Cresting of the Neosho River at Commerce is expected to crest at 27.5 feet, according to the National Weather Service - meaning that flood waters in Miami could rise above the city's second-largest flood of record.
Miami's Emergency Management Coordinator Gary Brooks said Sunday that the Neosho River was expected to crest Thursday at 23.8 feet at the Commerce gauge, nearly nine feet above flood stage.
“Of course it is all contingent upon rainfall over the next few days,” Brooks said. “And, on what kind of rainfall occurs on us and above us - let's hope not a lot.”
Within hours of Brooks' statements, the National Weather Service changed the forecast, calling for the river to crest late Tuesday at more than 12 feet above flood state, a level that local officials say exceeds what was recorded when Miami flooded in 1986.
Today, Miami firefighters began knocking on doors to encourage residents in the city's flood-prone areas to evacuate.
As of 5 a.m. today, the Neosho River at the Commerce gauge was at 21.78 feet and water was flowing through the channel at 54,867 cubic feet per second.
The U.S. Army Corps of Engineers ordered 12 small gates to be opened at the Pensacola Dam on Sunday, allowing a water discharge of 33,060 cubic feet per second.
The Corps has not yet ordered the release of water at the Fort Gibson dam to the south.

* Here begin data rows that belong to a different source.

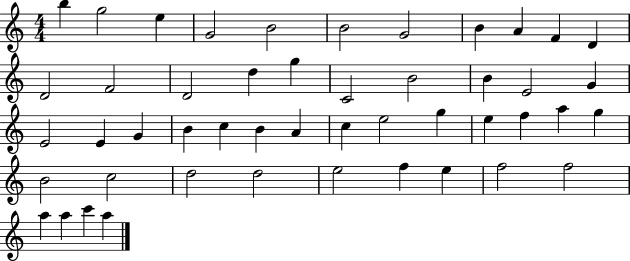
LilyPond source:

{
  \clef treble
  \numericTimeSignature
  \time 4/4
  \key c \major
  b''4 g''2 e''4 | g'2 b'2 | b'2 g'2 | b'4 a'4 f'4 d'4 | \break d'2 f'2 | d'2 d''4 g''4 | c'2 b'2 | b'4 e'2 g'4 | \break e'2 e'4 g'4 | b'4 c''4 b'4 a'4 | c''4 e''2 g''4 | e''4 f''4 a''4 g''4 | \break b'2 c''2 | d''2 d''2 | e''2 f''4 e''4 | f''2 f''2 | \break a''4 a''4 c'''4 a''4 | \bar "|."
} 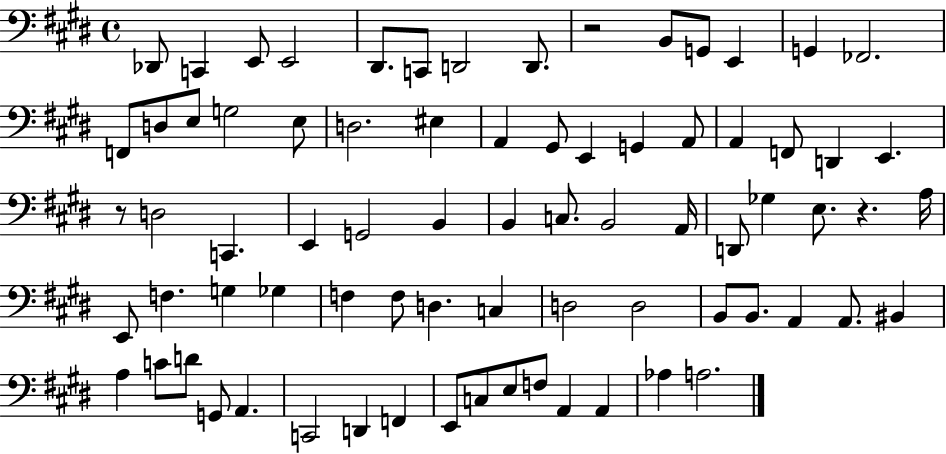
{
  \clef bass
  \time 4/4
  \defaultTimeSignature
  \key e \major
  des,8 c,4 e,8 e,2 | dis,8. c,8 d,2 d,8. | r2 b,8 g,8 e,4 | g,4 fes,2. | \break f,8 d8 e8 g2 e8 | d2. eis4 | a,4 gis,8 e,4 g,4 a,8 | a,4 f,8 d,4 e,4. | \break r8 d2 c,4. | e,4 g,2 b,4 | b,4 c8. b,2 a,16 | d,8 ges4 e8. r4. a16 | \break e,8 f4. g4 ges4 | f4 f8 d4. c4 | d2 d2 | b,8 b,8. a,4 a,8. bis,4 | \break a4 c'8 d'8 g,8 a,4. | c,2 d,4 f,4 | e,8 c8 e8 f8 a,4 a,4 | aes4 a2. | \break \bar "|."
} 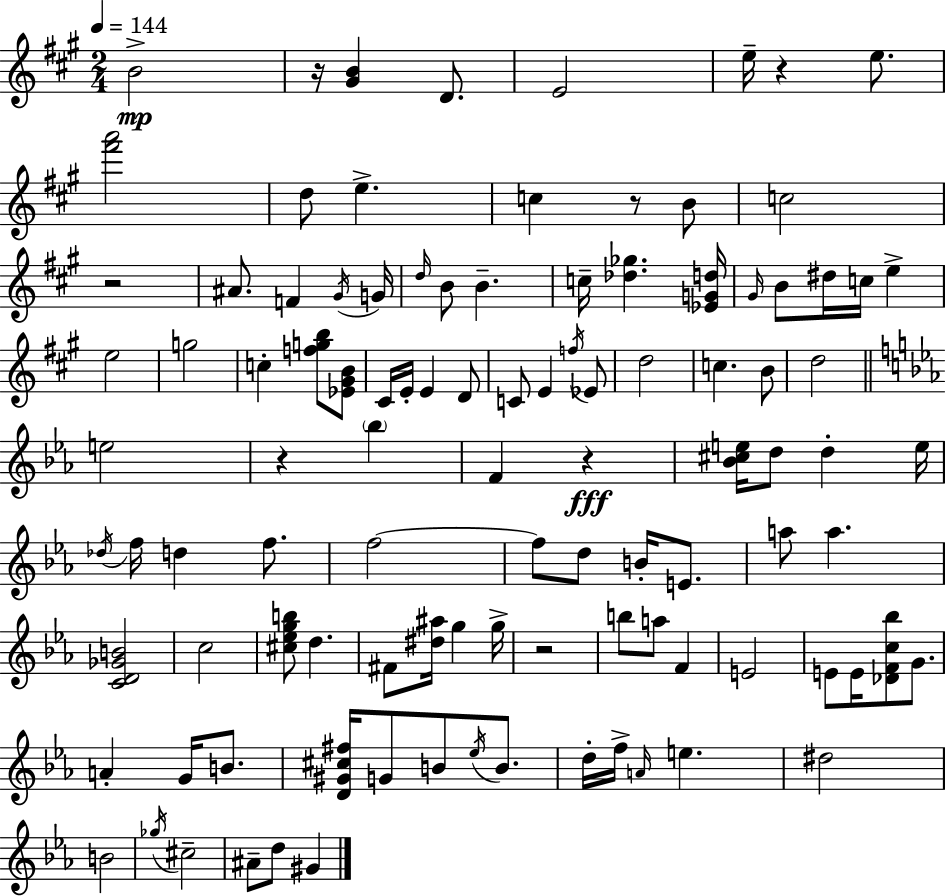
X:1
T:Untitled
M:2/4
L:1/4
K:A
B2 z/4 [^GB] D/2 E2 e/4 z e/2 [^f'a']2 d/2 e c z/2 B/2 c2 z2 ^A/2 F ^G/4 G/4 d/4 B/2 B c/4 [_d_g] [_EGd]/4 ^G/4 B/2 ^d/4 c/4 e e2 g2 c [fgb]/2 [_E^GB]/2 ^C/4 E/4 E D/2 C/2 E f/4 _E/2 d2 c B/2 d2 e2 z _b F z [_B^ce]/4 d/2 d e/4 _d/4 f/4 d f/2 f2 f/2 d/2 B/4 E/2 a/2 a [CD_GB]2 c2 [^c_egb]/2 d ^F/2 [^d^a]/4 g g/4 z2 b/2 a/2 F E2 E/2 E/4 [_DFc_b]/2 G/2 A G/4 B/2 [D^G^c^f]/4 G/2 B/2 _e/4 B/2 d/4 f/4 A/4 e ^d2 B2 _g/4 ^c2 ^A/2 d/2 ^G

Two gates, one large and one small, were opened Sunday at Hudson Lake.
In the meantime, Coffeyville, Kan., is experiencing a record flood. Reportedly, the southeastern Kansas community has not seen flooding at the current level for 65 years.
Kansas officials also were preparing Sunday for additional flooding at Independence and Coffeyville along the Verdigris River, which already had reached record levels, as the Army Corps of Engineers planned to open floodgates at the Elk City and Fall River Toronto Lake reservoirs upstream.
In Miami, Oklahoma Highway 125 was closed after water crossed the road just south of the Neosho River bridge. Oklahoma Highway 10 southwest of Miami has also been closed at Cole Creek.
Brooks said water will continue to inundate the park as well as the municipal fairgrounds.